Arama Charles, Diarra Issa, Kouriba Bourèma, Sirois Francine, Fedoryak Olesya, Thera Mahamadou A, Coulibaly Drissa, Lyke Kirsten E, Plowe Christopher V, Chrétien Michel, Doumbo Ogobara K, Mbikay Majambu
Malaria Research and Training Center, International Centers for Excellence in Research, Université des Sciences, des Techniques et des Technologies de Bamako, Bamako, Mali.
Laboratoire de protéolyse fonctionnelle, Institut de recherches cliniques de Montréal, Montréal, Québec, Canada.
PLoS One. 2018 Feb 15;13(2):e0192850. doi: 10.1371/journal.pone.0192850. eCollection 2018.
Proprotein Convertase Subtilisin/Kexin Type 9 (PCSK9) is a hepatic secretory protein which promotes the degradation of low-density lipoprotein receptors leading to reduced hepatic uptake of plasma cholesterol. Non-synonymous single-nucleotide polymorphisms in its gene have been linked to hypo- or hyper- cholesterolemia, depending on whether they decrease or increase PCSK9 activity, respectively. Since the proliferation and the infectivity of Plasmodium spp. partially depend on cholesterol from the host, we hypothesize that these PCSK9 genetic polymorphisms could influence the course of malaria infection in individuals who carry them. Here we examined the frequency distribution of one dominant (C679X) and two recessive (A443T, I474V) hypocholesterolemic polymorphisms as well as that of one recessive hypercholesterolemic polymorphism (E670G) among healthy and malaria-infected Malian children.
Dried blood spots were collected in Bandiagara, Mali, from 752 age, residence and ethnicity-matched children: 253 healthy controls, 246 uncomplicated malaria patients and 253 severe malaria patients. Their genomic DNA was extracted and genotyped for the above PCSK9 polymorphisms using Taqman assays.

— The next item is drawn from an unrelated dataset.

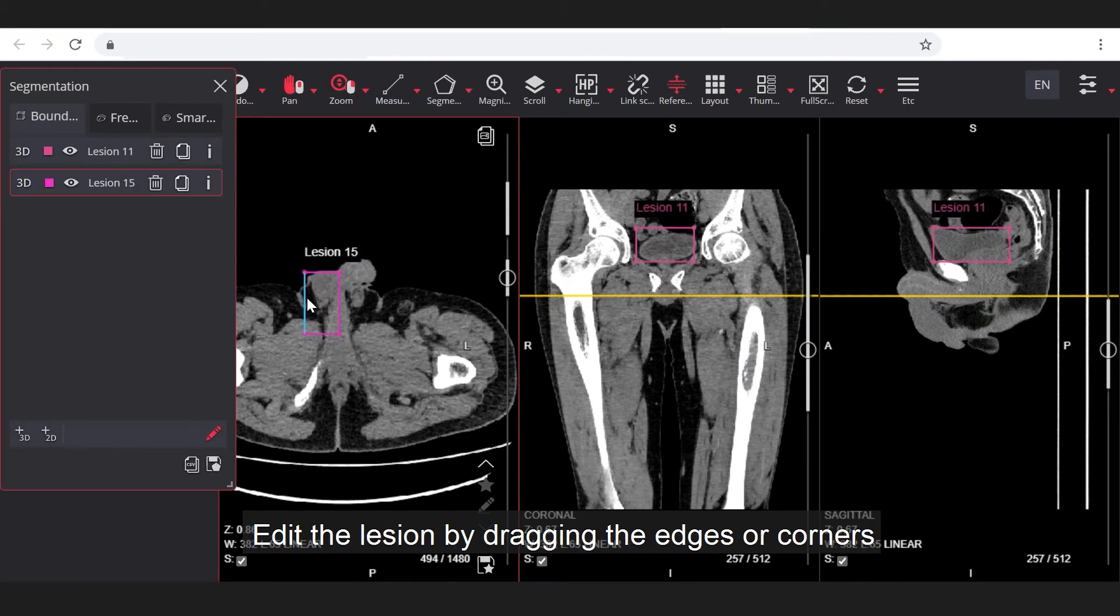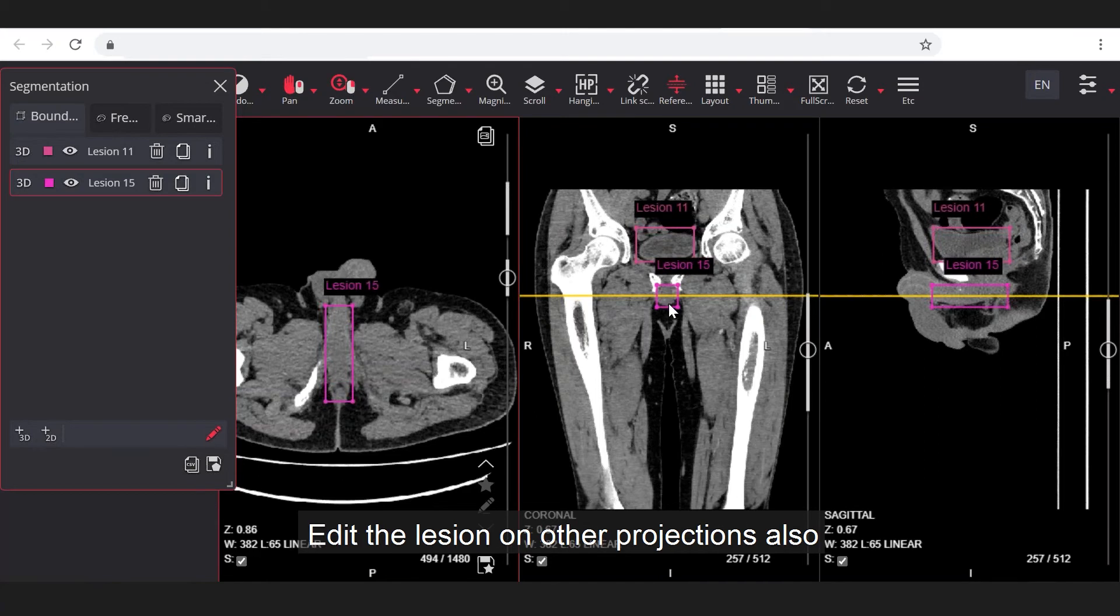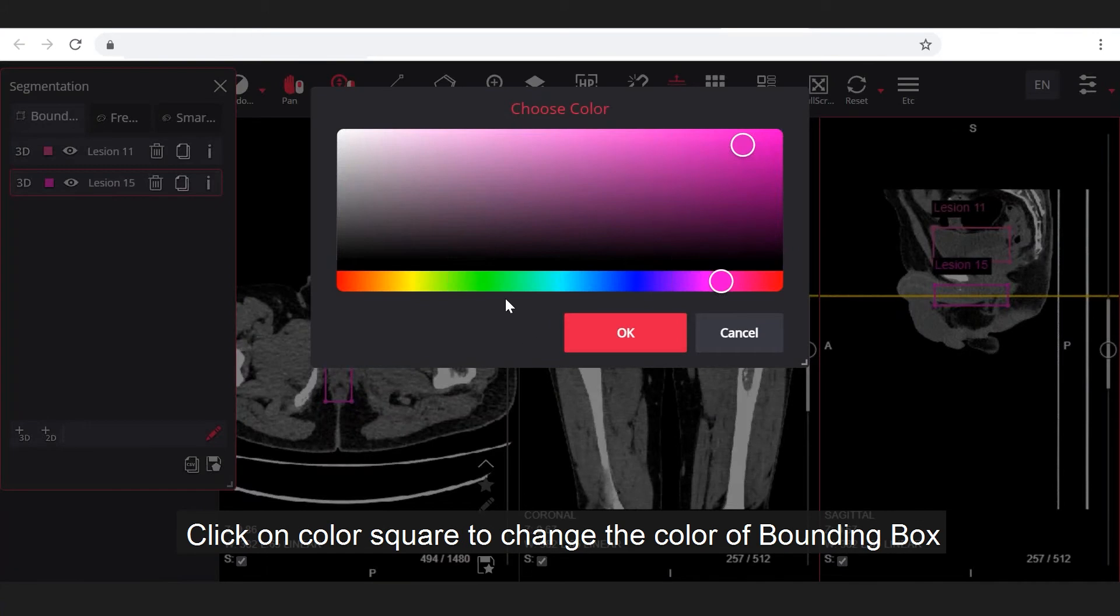You can edit the lesion by dragging the edges or corners and change position by dragging the lesion. You can also edit the lesion on other projections. Click on color square to change color of lesion.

Associations of genotype distributions and allele frequencies with malaria were evaluated.
The minor allele frequency of the A443T, I474V, E670G, and C679X polymorphisms in the study population sample was 0.12, 0.20, 0.26, and 0.02, respectively. For each polymorphism, the genotype distribution among the three health conditions was statistically insignificant, but for the hypercholesterolemic E670G polymorphism, a trend towards association of the minor allele with malaria severity was observed (P = 0.035). The association proved to be stronger when allele frequencies between healthy controls and severe malaria cases were compared (Odd Ratio: 1.34; 95% Confidence Intervals: 1.04-1.83); P = 0.031).
Carriers of the minor allele of the E670G PCSK9 polymorphism might be more susceptible to severe malaria. Further investigation of the cholesterol regulating function of PCSK9 in the pathophysiology of malaria is needed.

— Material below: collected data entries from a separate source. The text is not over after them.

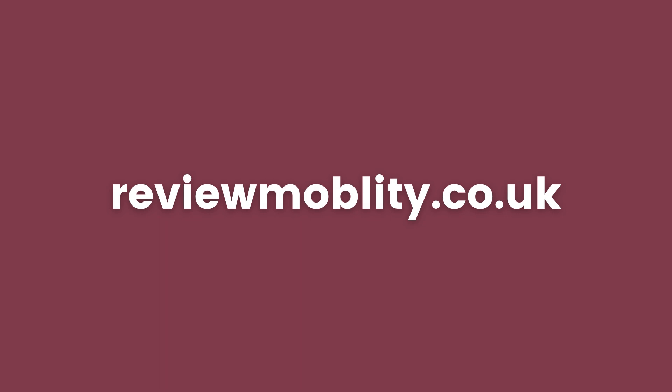Hello and welcome to Review Mobility. Our platform allows consumers to post their independent reviews on their experience with mobility companies around the UK. Head to our website reviewmobility.co.uk to learn more.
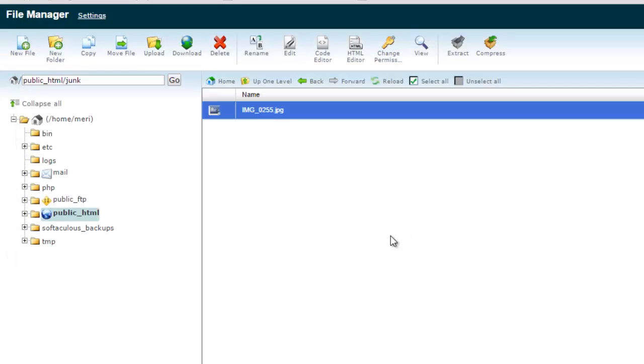So yes, you can upload your images. You can upload your HTML files, and you can do it directly from cPanel. And this will work when all else fails.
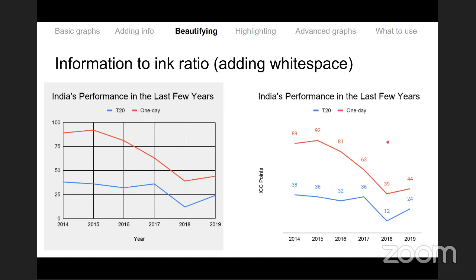The major difference between a histogram and a bar graph, beyond spacing: a histogram is a frequency count, whereas a bar graph can represent any metric on the y-axis — it doesn't need to be a frequency count. For example, the bar graph here showed ICC points for a cricket team.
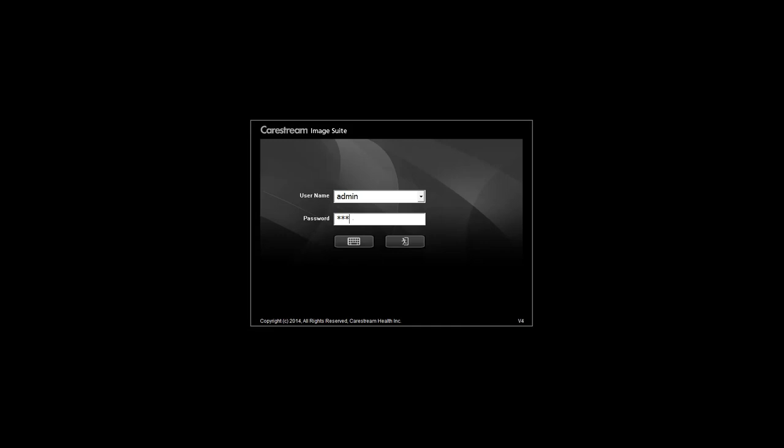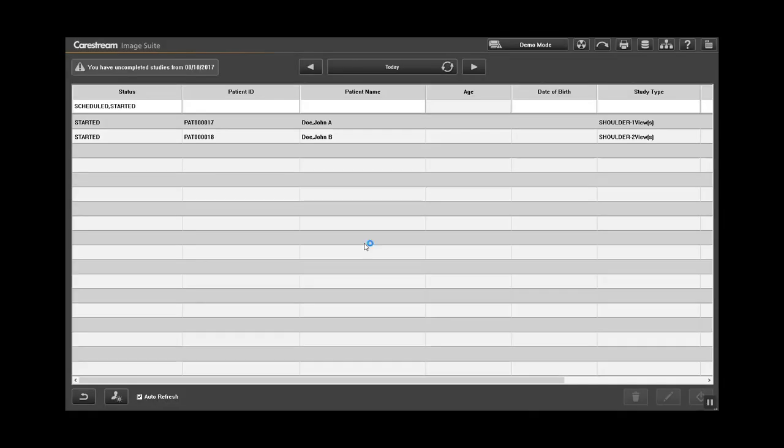Log on to the system using your username and password, and then press Enter. In the toolbar, select Local Archive Status.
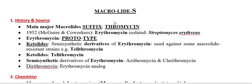Today I am going to discuss another group: Macrolides. Macrolides means this is the group having the macrocyclic lactone rings possessing many antimicrobial agents. So that is why the name is Macrolides.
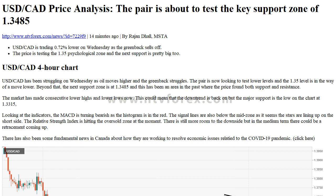Hi, I am Anna, I come from www.ntvforex.com. Forex News: NTV Forex USD/CAD Price Analysis — the pair is about to test the key support zone of 1.3485. By Rajundal, MSTA, 14 minutes ago.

前蛋白转化酶枯草杆菌蛋白酶/九型凯新蛋白酶(PCSK9)是一种肝脏分泌蛋白,它促进低密度脂蛋白受体的降解,导致肝脏对血浆胆固醇的摄取减少。其基因中的非同义单核苷酸多态性与低胆固醇血症或高胆固醇血症有关,这取决于它们分别是降低还是增加PCSK9的活性。由于疟原虫属的增殖和感染性部分依赖于宿主的胆固醇,我们推测这些PCSK9基因多态性可能会影响携带它们的个体的疟疾感染进程。在此,我们研究了一种显性(C679X)和两种隐性(A443T、I474V)低胆固醇血症多态性以及一种隐性高胆固醇血症多态性(E670G)在健康和感染疟疾的马里儿童中的频率分布。
在马里的班迪亚加拉收集了752名年龄、居住地点和种族匹配的儿童的干血斑:253名健康对照、246名非复杂性疟疾患者和253名重症疟疾患者。提取他们的基因组DNA,并使用Taqman分析对上述PCSK9多态性进行基因分型。评估基因型分布和等位基因频率与疟疾的关联。
研究人群样本中A443T、I474V、E670G和C679X多态性的次要等位基因频率分别为0.12、0.20、0.26和0.02。对于每种多态性,三种健康状况之间的基因型分布在统计学上无显著差异,但对于高胆固醇血症的E670G多态性,观察到次要等位基因与疟疾严重程度之间存在关联趋势(P = 0.035)。当比较健康对照和重症疟疾病例之间的等位基因频率时,这种关联更强(优势比:1.34;95%置信区间:1.04 - 1.83;P = 0.031)。
E670G PCSK9多态性次要等位基因的携带者可能更容易患重症疟疾。需要进一步研究PCSK9在疟疾病理生理学中的胆固醇调节功能。